5月27日,由中国人民大学国家发展与战略研究院、经济学院、中诚信国际信用评级有限责任公司联合主办的CMF宏观经济热点问题研讨会于线上举行。本期论坛聚焦“‘去美元化’与国际货币体系变革”。
中国人民大学经济学院党委常务副书记、中国宏观经济论坛(CMF)主要成员王晋斌代表论坛发布CMF中国宏观经济专题报告。报告显示,近年来出现了一些值得关注的现象:一是“去美元化”出现加速的势头;二是黄金成为追捧的对象;三是亚洲在现有国际货币体系中寻求更大的自主权。

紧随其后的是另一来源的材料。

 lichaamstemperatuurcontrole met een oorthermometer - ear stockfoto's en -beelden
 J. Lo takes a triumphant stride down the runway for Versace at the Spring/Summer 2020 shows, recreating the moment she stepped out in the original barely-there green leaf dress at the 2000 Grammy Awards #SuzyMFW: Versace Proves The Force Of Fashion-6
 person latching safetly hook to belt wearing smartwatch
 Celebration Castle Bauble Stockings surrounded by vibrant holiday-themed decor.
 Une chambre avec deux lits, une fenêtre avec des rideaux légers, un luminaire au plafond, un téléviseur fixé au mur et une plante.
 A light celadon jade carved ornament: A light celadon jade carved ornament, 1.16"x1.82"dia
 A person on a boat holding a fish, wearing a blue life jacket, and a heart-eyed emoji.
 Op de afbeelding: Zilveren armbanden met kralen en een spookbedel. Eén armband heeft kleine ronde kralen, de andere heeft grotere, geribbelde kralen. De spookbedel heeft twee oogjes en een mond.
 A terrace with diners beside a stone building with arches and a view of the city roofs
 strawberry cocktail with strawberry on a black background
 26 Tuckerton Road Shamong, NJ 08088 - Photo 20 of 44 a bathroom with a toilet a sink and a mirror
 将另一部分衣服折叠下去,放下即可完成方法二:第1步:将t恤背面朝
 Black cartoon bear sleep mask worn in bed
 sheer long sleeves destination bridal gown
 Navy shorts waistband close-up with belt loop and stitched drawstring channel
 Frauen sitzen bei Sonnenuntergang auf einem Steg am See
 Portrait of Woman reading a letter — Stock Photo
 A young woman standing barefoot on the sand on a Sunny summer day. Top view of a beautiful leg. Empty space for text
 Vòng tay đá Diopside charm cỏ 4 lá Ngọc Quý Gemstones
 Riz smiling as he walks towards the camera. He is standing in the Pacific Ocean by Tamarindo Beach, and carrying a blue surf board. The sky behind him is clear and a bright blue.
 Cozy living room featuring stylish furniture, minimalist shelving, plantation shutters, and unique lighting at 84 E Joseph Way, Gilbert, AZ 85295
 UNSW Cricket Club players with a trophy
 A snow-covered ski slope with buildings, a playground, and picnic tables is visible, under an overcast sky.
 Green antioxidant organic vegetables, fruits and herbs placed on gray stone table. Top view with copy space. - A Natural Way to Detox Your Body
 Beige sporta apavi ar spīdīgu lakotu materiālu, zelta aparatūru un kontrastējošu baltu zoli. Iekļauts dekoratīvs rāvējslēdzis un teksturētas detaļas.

报告显示,从历史情况来看,在美元主导的国际货币体系下,美国金融周期曾多次产生负面外溢性。美国的加息或降息行为对全球外汇、金融市场都会产生重要的外溢性,这是由于美国的宏观政策基本以国内为导向,不太会考虑到负面外溢性,即使出现外溢性也会通过货币互换来解决流动性问题。到目前为止,和美联储签订货币互换的央行全球大概只有十几家,其货币互换的范围狭窄。美国聚焦国内的货币政策带来了巨大的负面外溢性,并且这些外溢性大部分不需要由其自身承担,这是国际货币体系饱受诟病的重要因素之一。
导致美元流动性收紧的另一个重要因素是,美联储和欧央行的激进加息导致资金回流。在一年多的时间里,美联储加息了500个BP,这是近四十年来最激进的加息方式。在激进加息的背景下,发展中国家甚至发达经济体的美元流动性都出现了很大的问题。2007年次贷危机后,美国和5家主要央行签署了长期货币互换协议;2020年3月金融大动荡后,协议国家又增加了9家,外汇美元互换总额度高达4500亿美元。今年3月份,瑞士央行曾一次性跟美联储互换了高达110亿美元的美元流动性。这表明在激进的加息方式下,美元指数中的经济体的美元流动性出现了问题,美元的外部流动性已经收紧。
截至2022年底,美元在全球储备中的占比降至59%以下,达到1995年以来的最低值。2021年,全球非传统储备货币在全球储备中的占比首次超过了10%,表明储备货币的多极化的局面拉开帷幕。IMF统计口径是以分配的外汇储备占比来表示有储备币种的储备比例。2017-2018年以前,未分配储备在总储备中的占比高达30%-40%;2018年以后,已分配外汇储备占比达到90%以上,数据的准确性更高。但不管怎么看,非传统储备货币在2021年超过10%都预示着储备货币的多极化趋势。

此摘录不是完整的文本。